Quite different but equally useful is a book with a great title: "Let It Rot! The Gardener's Guide to Composting" by Stu Campbell (Down-to-Earth Guides series, Storey Publishing, 1998, 153 ppg, $12.95.) The Down-to-Earth series aims to publish practical information that encourages personal independence in harmony with the environment.

"Let It Rot!' is denser in technical and informational details than the previous book and a little more daunting: many more tables of facts and figures, and compost systems and bin designs, all to delight the competent backyard DIY handyperson. More specific information is offered: for example, tables on carbon-to-nitrogen ratios of individual compostables, composition of natural fertilizer materials, cover crops, to cite a few. The back of the book contains lists of resources and an index. This is the volume for gardeners or compost geeks looking for information to help them refine their techniques or tailor their compost for specific uses.

Compact or in-town properties sometimes lack the space for compost piles. More often, it is the owners, blind to the benefits of their own compost, who do not agree to let their property digest the waste it produces. The gardener or landscaper becomes responsible for disposing of it. We take a certain amount to Keene's pit or Morning Glory Farm, but also bring the lighter stuff, leaves and smaller pruned branches, back here. Ah, the pity of it all! (heh heh.)

The accompanying before-and-after photos show how one's own place can swallow up a great deal of waste organic matter. The brush pile was generated over the latter part of the summer and through the fall. Material was simply unloaded and piled up as well as possible, continuously drying out and packing down. A Bobcat was run over it about two weeks ago. A good amount has already turned into to-die-for brown humus/mulch.

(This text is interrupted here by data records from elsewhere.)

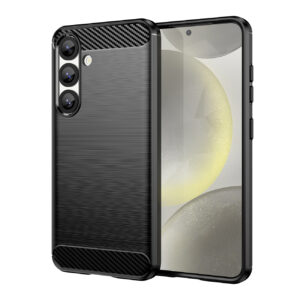 Carbon Case Flexible Silicone for Xiaomi Note 14 Pro 5G - Black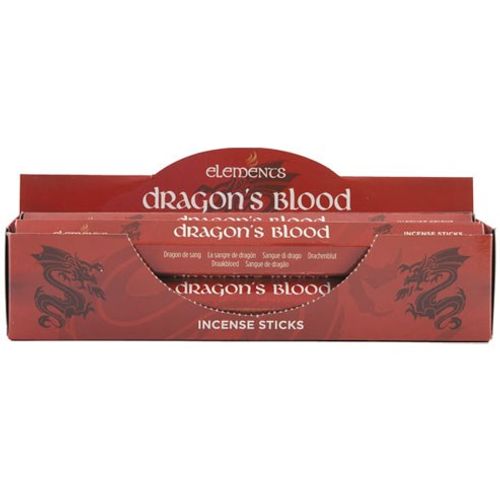 Set of 6 Packets of Elements Dragon's Blood Incense Sticks N/A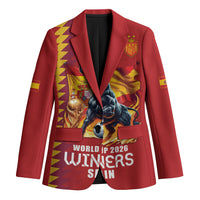 Custom World Football 2026 Spain Blazer Spanish Bull Rising Champions - Wonder Print Shop
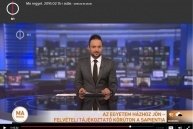 A Sapientia felvételi körútról az M1-es csatornán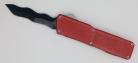 Lightning Supreme Red D/A OTF Automatic Knife Black Kriss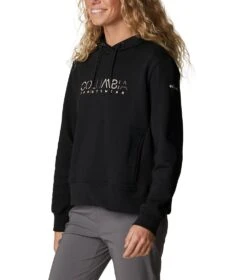 Columbia Lodge Hoodie - Womens Black / Columbia Stencil -Columbia Sale Store 1678305779 2013101 010 5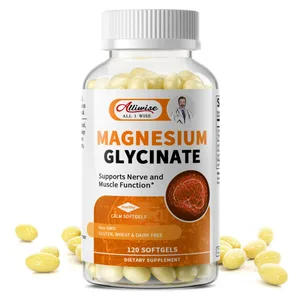 Alliwise Glycinate de magnésium 400 mg Supplément minéral pour femmes et hommes Soutien naturel du sommeil Santé des os Immunité Soutien de l'humeur
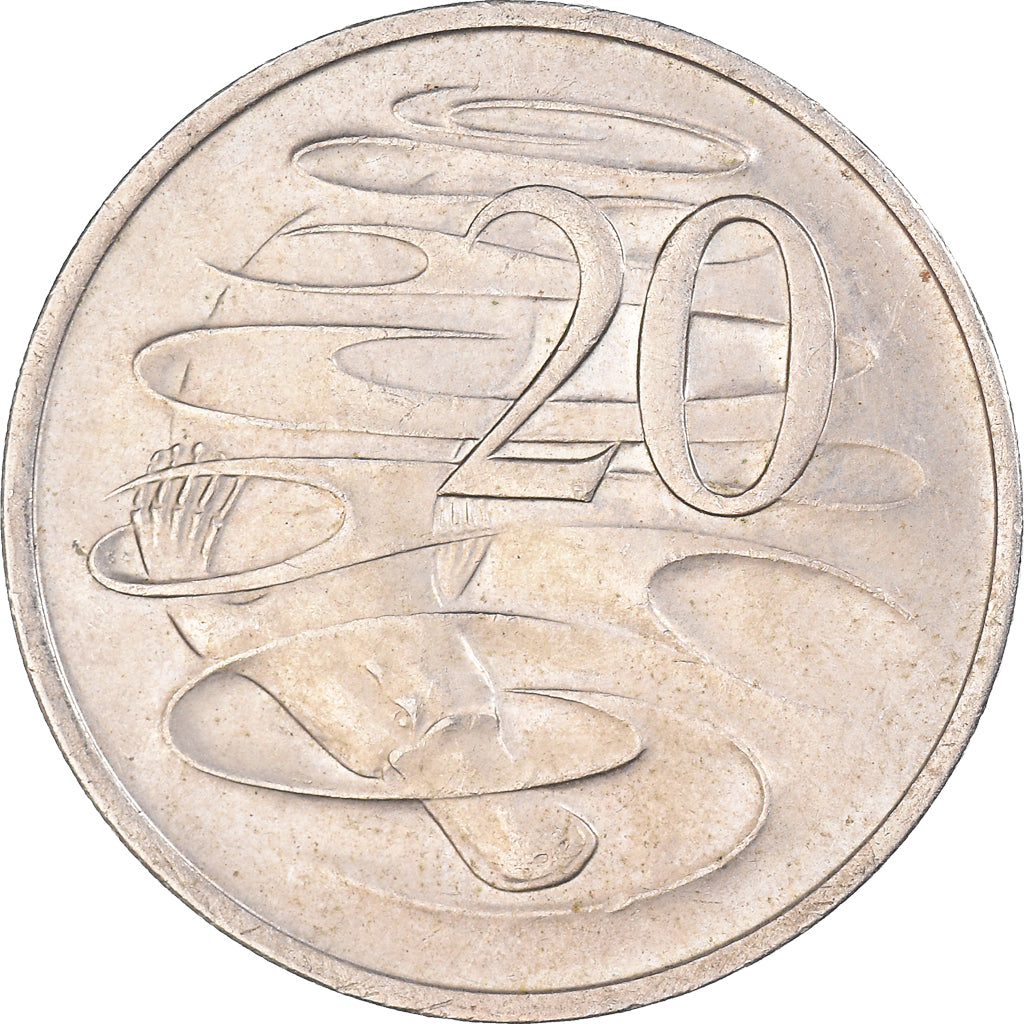 Moneta, Australia, 20 Cents, 1971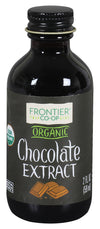 Frontier Co-Op Organic Chocolate Extract, 2 Ounce Glass Jar, Warm Flavor For Desserts, Cheesecake, Coffee And Smoothies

After attending New England Grows last week I returned home lugging a briefcase stuffed with business cards, publicity handouts, and plant lists: so much information to attempt to integrate and fashion into usable bytes. Attendees I talked to were all pleased that the organizers had enlisted speakers representing alternative or organic practices. The educational conference produced informative speakers on mulch use, and conventional methods of control vs. organic ones. Some great plant geeks spoke: author and plantsman C. Colston Burrell, Todd Forrest of New York Botanical Garden, Dale Hendricks of North Creek Nurseries, and Cassian Schmidt, director of the Herrmanshof Garden of Germany.